Um dia teríamos que falar sobre André Ventura. Hoje é o dia

Este texto não é Hannah Arendt. Mas também nunca será como Eichmann em Jerusalém.

Não é fácil para nós, jornalistas, não cair num erro quando falamos sobre este tipo de candidatos. Porque já caímos em todos eles.

O primeiro erro é sempre o mesmo: dar palco a um populista é dar palco a uma polémica; dar palco a uma polémica chega para ganhar audiências.

O segundo erro é o inverso: fingir que não existem. É o melhor que lhes podemos fazer, porque ganham mais um inimigo contra quem disparar. 

O terceiro erro é ignorar quem está do lado de lá. Os populistas não o fazem, usam-nos: se as pessoas se sentem inseguras, porque não arranjar um culpado; se se sentem injustiçadas, porque não dar-lhes uma esperança; se é preciso ganhar votos, porque não dar-lhes um discurso? Ventura deu-lhes. E nós?

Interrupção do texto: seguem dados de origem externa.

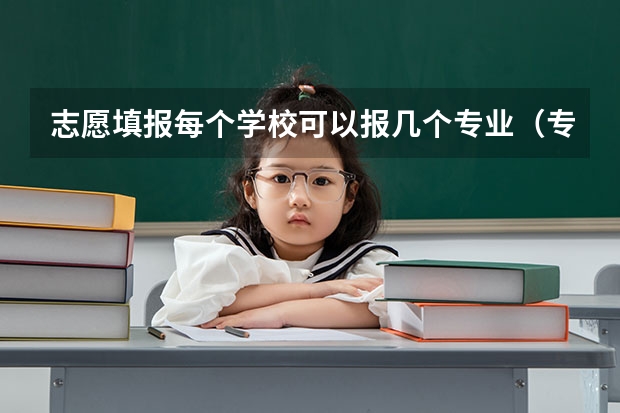志愿填报每个学校可以报几个专业（专科提前批能报几个学校几个专业？）
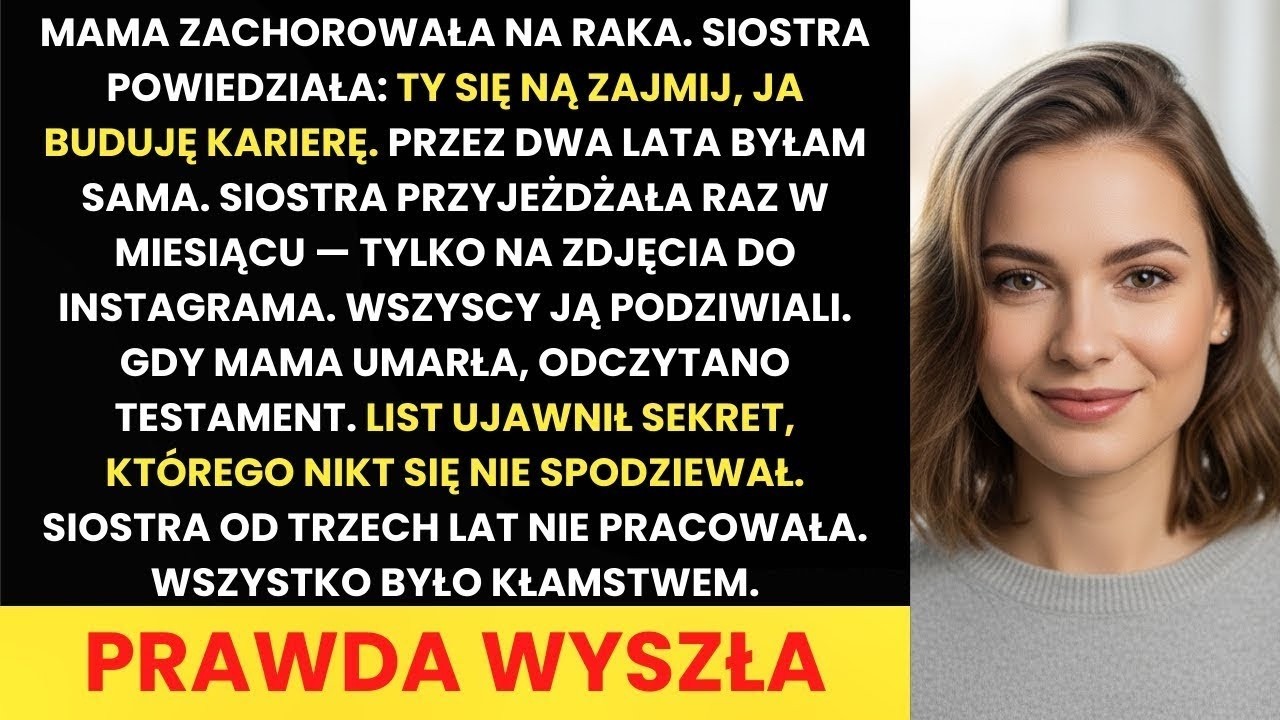 Mama zachorowała, siostra powiedziała   Ty się zajmij, ja pracuję   Testament ją zszokował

Nós, entre erros, só não podemos cair no capital: o da indiferença, o do medo de explicar. Um jornal que não diga quem é Ventura cairá na pior das tentações — o da banalidade do mal. E o que ele é, é simples: um candidato primário, que não mede fronteiras ou consequências. Que acusa ciganos de viver uma vida à conta do Estado quando os apoios sociais não são eternos; que promete roubar terras ao concelho vizinho sabendo que nunca as ganhará; que fala da castração química ou da legitimidade do assassinato de terroristas, atropelando séculos de civilização, com a facilidade com que um terrorista decreta a nossa morte. Tudo o que Ventura faz é puxar pelo pior dos homens sem se colocar no lugar do outro, é construir muros, no lugar das pontes que lhe cabia levantar.

E não dá para esquecer o PSD. Se Ventura vencer, Passos vai mesmo cantar essa vitória? E depois, que faria o PSD com essa vitória, com este candidato? Seria esse o seu novo programa?

É certo que Passos é odiado por muitos, mas também é um facto que ele ganhou as últimas eleições. Adivinho porquê: porque muitos lhe reconheciam pelo menos integridade e coerência. Agora, quando o ouvimos defender Ventura dos seus críticos (“não podemos ter medo dos demagogos e dos populistas”), perguntamo-nos se aquela frase batida, “que se lixem as eleições”, era só mais um lema de campanha.

Por tudo isto, mas também porque o debate de Loures foi o mais visto desta pré-campanha, logo depois dos de Lisboa e Porto (117 mil espectadores, para um concelho de 160 mil eleitores), é importante que fique clara a nossa posição sobre o caso de Loures, sobre o candidato Ventura.

Bem sei: este texto não é Hannah Arendt. Mas também nunca será como Eichmann em Jerusalém.